Cette cité apparaît désormais dans chacune des visions. Elle comporte entre
ses quatre murs divers édifices : églises, palais, colonnes, maisons
ordinaires dans un ordre qui varie d'une image à l'autre. La sixième vision
s'étend surtout, on l'a dit, sur le rôle des anges. " La multitude des anges aux
côtés de Dieu est, dans le ciel, un arcane que la lumière de la divinité
pénètre totalement. Arcane obscur pour la créature qu'est l'homme, à moins
que des signes lumineux n’aient une raison d'être qui est liée à Dieu plus
qu'à l'homme. Elle n'apparaît aux hommes que rarement. Certains anges,
cependant, qui sont au service des hommes, se révèlent par des signes
quand il plaît à Dieu : c'est que Dieu leur a confié des fonctions diverses et
les a placés au service des créatures. " Parmi ces anges, il y a celui " qui
voulait n'exister que par lui-même ", Satan, et ceux qu'il a entraînés dans sa
chute ; mais il y a surtout " la grande cohorte angélique, les uns tels un feu,
les autres toute clarté les troisièmes tels des étoiles. Les anges de feu
recèlent les énergies les plus vives, rien ne peut les ébranler. Dieu a désiré
en effet qu'ils contemplassent sans cesse Son visage. Les anges qui sont
toute clarté sont eux, ébranlés par le service des œuvres humaines qui sont
aussi œuvres de Dieu ; ces œuvres de dévotion sont présentées aux anges à
la face de Dieu. Les anges ne cessent de les considérer, ils offrent à Dieu
leur suave parfum en choisissant ce qui est utile et en rejetant ce qui est
inutile. Quant aux anges qui ressemblent à des étoiles, ils souffrent avec la
nature humaine, ils la présentent à Dieu comme un livre, ils sont
compagnons des hommes, ils leur adressent des paroles de raison selon la
volonté de Dieu, les actions bonnes leur permettant de célébrer Dieu, et ils
se détournent des actions mauvaises. " Dans une autre vision, la septième,
Hildegarde revient sur " ces deux ordres, ceux des anges et ceux des
hommes ", indiquant que " Dieu éprouve une véritable joie dans la
célébration des anges autant que dans les saintes œuvres des hommes.
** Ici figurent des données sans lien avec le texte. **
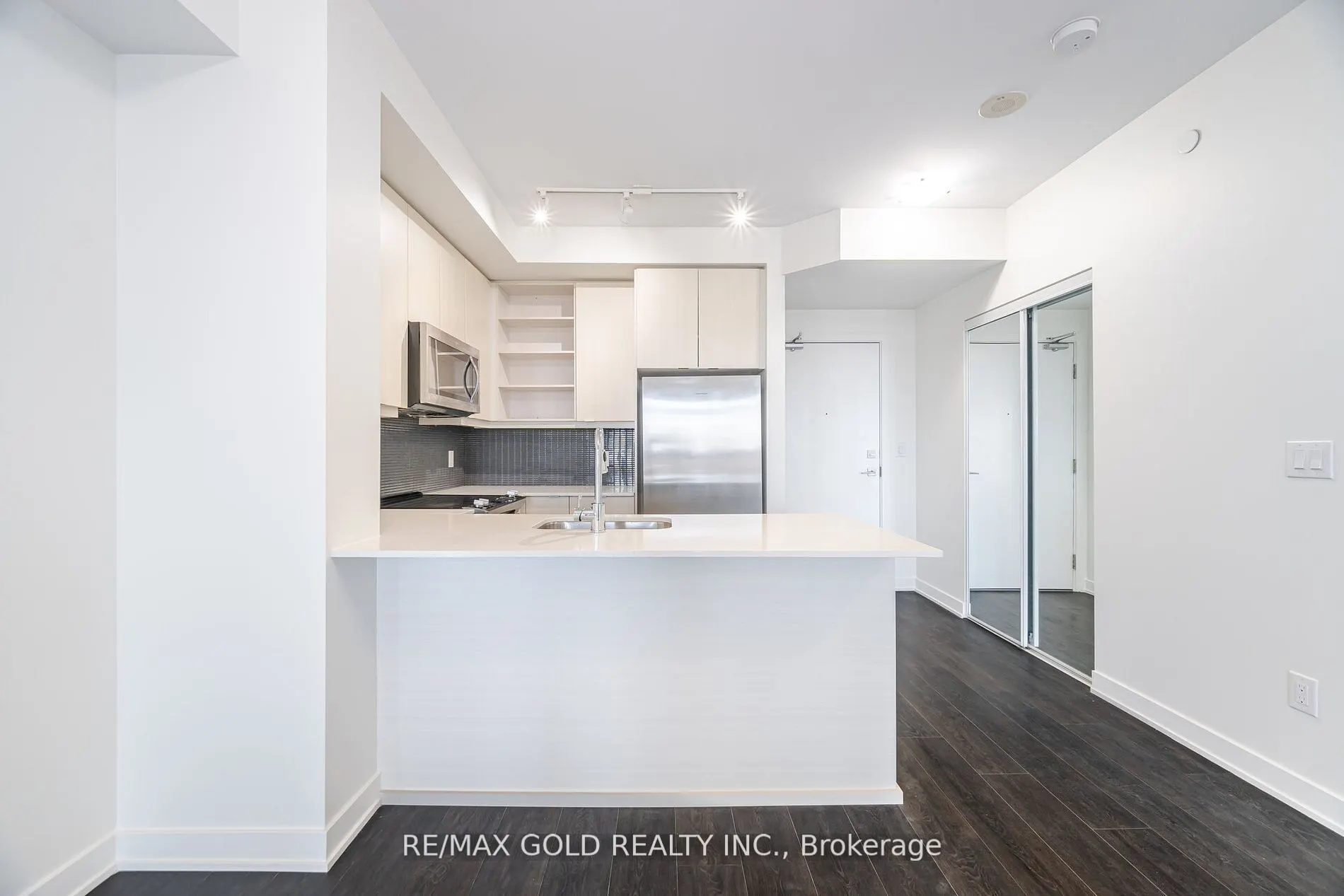 4633 Glen Erin Drive #607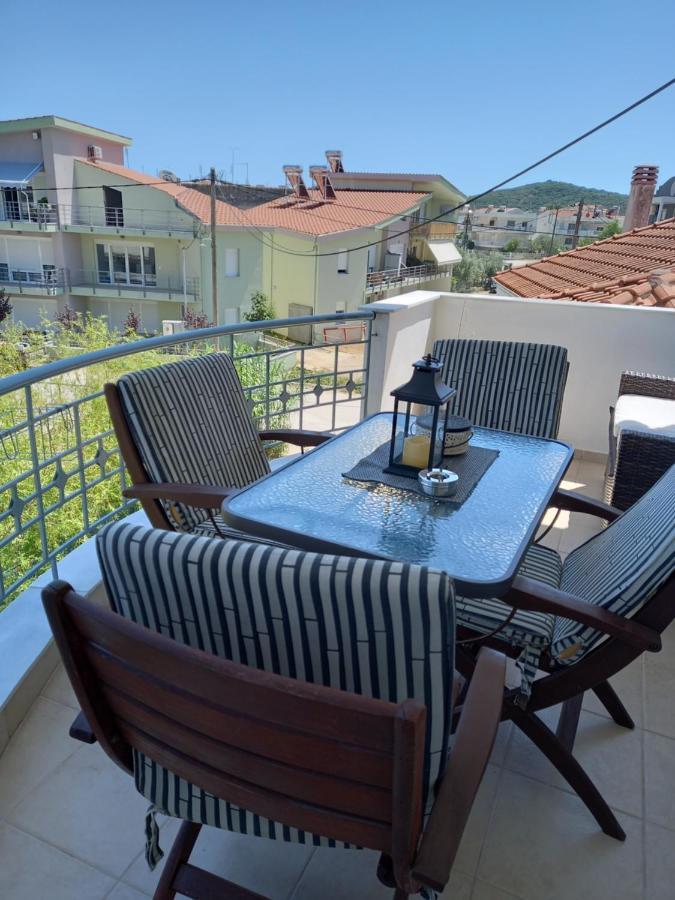 Peramos Apartments Néa Péramos Εξωτερικό φωτογραφία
Certes, l'ange est constant à la face de Dieu, cependant que l'homme est
instable : aussi l'œuvre de l'homme, parallèlement, est-elle souvent
déficiente ; la célébration angélique, elle, ne l'est jamais ".
" J'aperçus le cercle terrestre partagé en cinq secteurs l'un à l'est, l'autre à
l'ouest, le troisième et le quatrième au sud et au nord, le cinquième au
centre. " Chacun de ces secteurs a l'aspect d'un arc tendu. L'un d'entre eux,
le secteur est, resplendit de clarté, alors que l'ouest est recouvert
partiellement de ténèbres ; le secteur sud, lui, se divise en trois zones, deux
qui montrent " des châtiments et, au milieu, pas de châtiments mais des
monstres horribles qui lui conféraient un aspect effroyable. En direction de
l'est, j'aperçus, au-dessus de la courbure terrestre et à une certaine altitude,
une boule rouge entourée d'un cercle de la couleur d'un saphir. Deux ailes
sortaient de la droite et de la gauche de ces boules, elles s'élevaient des deux
côtés puis elles se recourbaient, elles se faisaient face, elles se prolongeaient
jusqu'à la moitié de la circonférence terrestre qu'elles encerclaient. [... ] De
cette boule partait jusqu'au milieu des ailes une route au-dessus de laquelle
scintillait une étoile lumineuse ". Dans les explications qui suivent, on
comprend qu'il s'agit du globe terrestre, lequel se trouve réparti en cinq
zones ; l'ensemble d'ailleurs est une figure de l'homme. " La terre représente
l'homme. [... L'homme est conduit au salut de son âme par les cinq sens qui
lui permettent de satisfaire tous ses besoins. "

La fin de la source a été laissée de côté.